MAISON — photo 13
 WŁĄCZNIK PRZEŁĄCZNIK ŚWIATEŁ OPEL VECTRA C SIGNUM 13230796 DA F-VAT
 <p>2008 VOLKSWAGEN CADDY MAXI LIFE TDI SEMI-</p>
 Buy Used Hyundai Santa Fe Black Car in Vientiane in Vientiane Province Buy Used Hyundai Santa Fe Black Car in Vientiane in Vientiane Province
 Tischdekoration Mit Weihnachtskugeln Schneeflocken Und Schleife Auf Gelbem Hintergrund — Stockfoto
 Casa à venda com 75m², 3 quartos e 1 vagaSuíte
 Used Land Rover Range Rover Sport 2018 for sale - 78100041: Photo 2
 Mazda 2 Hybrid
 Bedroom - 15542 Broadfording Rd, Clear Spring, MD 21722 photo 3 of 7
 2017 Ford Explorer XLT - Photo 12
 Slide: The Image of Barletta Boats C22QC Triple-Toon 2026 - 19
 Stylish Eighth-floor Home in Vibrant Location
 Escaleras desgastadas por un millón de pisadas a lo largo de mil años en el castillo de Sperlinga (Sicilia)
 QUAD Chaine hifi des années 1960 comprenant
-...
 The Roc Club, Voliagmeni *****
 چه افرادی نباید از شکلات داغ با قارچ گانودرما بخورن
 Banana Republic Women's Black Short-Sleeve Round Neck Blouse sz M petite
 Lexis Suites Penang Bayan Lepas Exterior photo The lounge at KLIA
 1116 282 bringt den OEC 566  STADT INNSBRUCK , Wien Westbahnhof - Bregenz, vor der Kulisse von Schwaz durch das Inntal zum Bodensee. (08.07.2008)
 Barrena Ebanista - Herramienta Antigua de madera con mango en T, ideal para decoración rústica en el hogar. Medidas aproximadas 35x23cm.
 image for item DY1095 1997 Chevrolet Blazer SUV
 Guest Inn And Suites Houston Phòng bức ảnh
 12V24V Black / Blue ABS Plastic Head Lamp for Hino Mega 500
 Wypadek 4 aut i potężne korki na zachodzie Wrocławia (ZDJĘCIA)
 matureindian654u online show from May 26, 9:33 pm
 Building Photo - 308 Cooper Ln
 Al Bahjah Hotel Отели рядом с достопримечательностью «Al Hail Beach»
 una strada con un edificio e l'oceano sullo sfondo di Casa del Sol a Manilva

======

Activity. Start to finish, copy the records above with no differences.

Response below.
MAISON — photo 13
 WŁĄCZNIK PRZEŁĄCZNIK ŚWIATEŁ OPEL VECTRA C SIGNUM 13230796 DA F-VAT
 <p>2008 VOLKSWAGEN CADDY MAXI LIFE TDI SEMI-</p>
 Buy Used Hyundai Santa Fe Black Car in Vientiane in Vientiane Province Buy Used Hyundai Santa Fe Black Car in Vientiane in Vientiane Province
 Tischdekoration Mit Weihnachtskugeln Schneeflocken Und Schleife Auf Gelbem Hintergrund — Stockfoto
 Casa à venda com 75m², 3 quartos e 1 vagaSuíte
 Used Land Rover Range Rover Sport 2018 for sale - 78100041: Photo 2
 Mazda 2 Hybrid
 Bedroom - 15542 Broadfording Rd, Clear Spring, MD 21722 photo 3 of 7
 2017 Ford Explorer XLT - Photo 12
 Slide: The Image of Barletta Boats C22QC Triple-Toon 2026 - 19
 Stylish Eighth-floor Home in Vibrant Location
 Escaleras desgastadas por un millón de pisadas a lo largo de mil años en el castillo de Sperlinga (Sicilia)
 QUAD Chaine hifi des années 1960 comprenant
-...
 The Roc Club, Voliagmeni *****
 چه افرادی نباید از شکلات داغ با قارچ گانودرما بخورن
 Banana Republic Women's Black Short-Sleeve Round Neck Blouse sz M petite
 Lexis Suites Penang Bayan Lepas Exterior photo The lounge at KLIA
 1116 282 bringt den OEC 566  STADT INNSBRUCK , Wien Westbahnhof - Bregenz, vor der Kulisse von Schwaz durch das Inntal zum Bodensee. (08.07.2008)
 Barrena Ebanista - Herramienta Antigua de madera con mango en T, ideal para decoración rústica en el hogar. Medidas aproximadas 35x23cm.
 image for item DY1095 1997 Chevrolet Blazer SUV
 Guest Inn And Suites Houston Phòng bức ảnh
 12V24V Black / Blue ABS Plastic Head Lamp for Hino Mega 500
 Wypadek 4 aut i potężne korki na zachodzie Wrocławia (ZDJĘCIA)
 matureindian654u online show from May 26, 9:33 pm
 Building Photo - 308 Cooper Ln
 Al Bahjah Hotel Отели рядом с достопримечательностью «Al Hail Beach»
 una strada con un edificio e l'oceano sullo sfondo di Casa del Sol a Manilva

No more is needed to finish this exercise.